La désorganisation du marché créant un avantage concurrentiel est également sanctionnée. La Cour de cassation considère que : « la violation de la réglementation en vigueur par un opérateur économique crée une distorsion dans le jeu de la concurrence constitutive en soi d’un acte de concurrence déloyale » (CA Paris, 9 mars 2016, n°13/01884).
Plus récemment, la cour de cassation a admis que « constitue un acte de concurrence déloyale le non-respect d’une réglementation dans l’exercice d’une activité commerciale, qui induit nécessairement un avantage concurrentiel indu pour son auteur » (Cass. com., 17 mars 2021, n°19-10.414).
Comment collecter des preuves de détournement de clientèle et de concurrence déloyale ?
La sanction de la concurrence déloyale repose sur plusieurs éléments clés. Tout d’abord, il est important de noter que l’action en cas de concurrence déloyale est basée sur les principes du droit commun de la responsabilité civile, notamment les articles 1240 et 1241 du Code civil. Cette action peut être intentée par toute personne ayant un intérêt légitime à agir, dès lors que la faute commise vise à obtenir un avantage économique. De plus, cette action doit être engagée dans un délai de prescription de cinq ans.
En outre, il est possible de recourir à la procédure en référé en saisissant le juge compétent et en lui demandant de prendre toutes les mesures nécessaires pour mettre fin au trouble causé, y compris l’imposition d’une astreinte, conformément aux articles 809 et 873 du Code de procédure civile.
Sur le fond, l’auteur de la concurrence déloyale peut être condamné à verser des dommages et intérêts pour réparer le préjudice subi. Il convient de noter que ce préjudice peut revêtir une dimension matérielle, découlant de la perte de clientèle ou de la perte de chances de développement, ou une dimension morale sous forme de trouble commercial.
Enfin, le juge peut également ordonner une injonction de cessation des actes de concurrence déloyale, assortie le cas échéant d’une astreinte, et exiger la publication ou la diffusion de sa décision.

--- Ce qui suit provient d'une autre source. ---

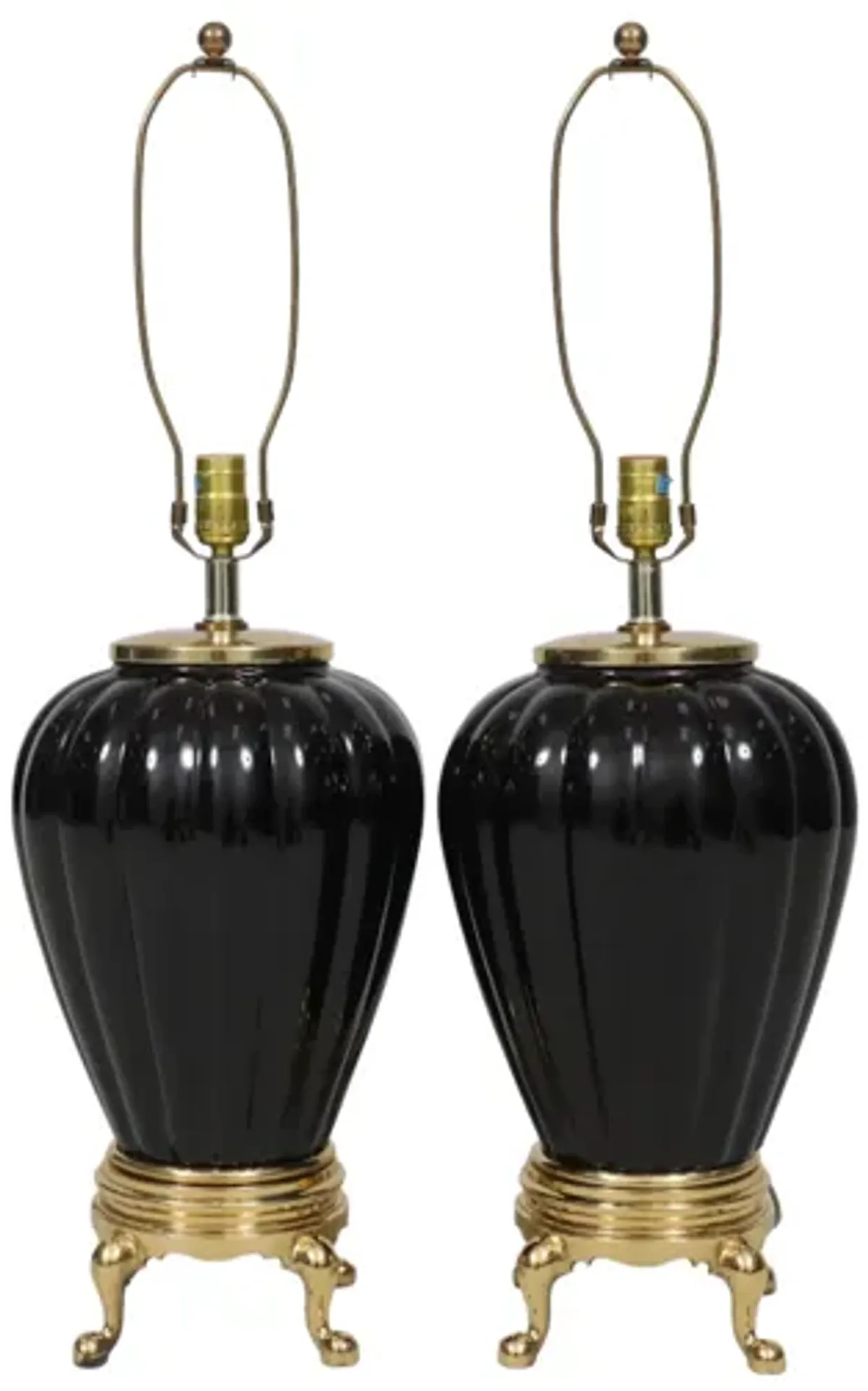 Black Ribbed Ceramic Table Lamps - a Pair - Interesting Things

Il est à noter que, par principe, seuls les préjudices effectivement subis pouvaient être indemnisés. Cependant, la Cour de cassation semble avoir élargi la portée de la réparation dans un arrêt récent en date du 12 février 2020 (Cass. com., n°17-31.614). Selon cette décision, la réparation du préjudice peut être évaluée en prenant en compte l’avantage injuste obtenu par l’auteur des actes de concurrence déloyale au détriment de ses concurrents, ajusté en fonction des chiffres d’affaires respectifs des parties affectées par ces actes. En d’autres termes, le préjudice peut être évalué en prenant en considération les économies réalisées par l’auteur des pratiques illicites.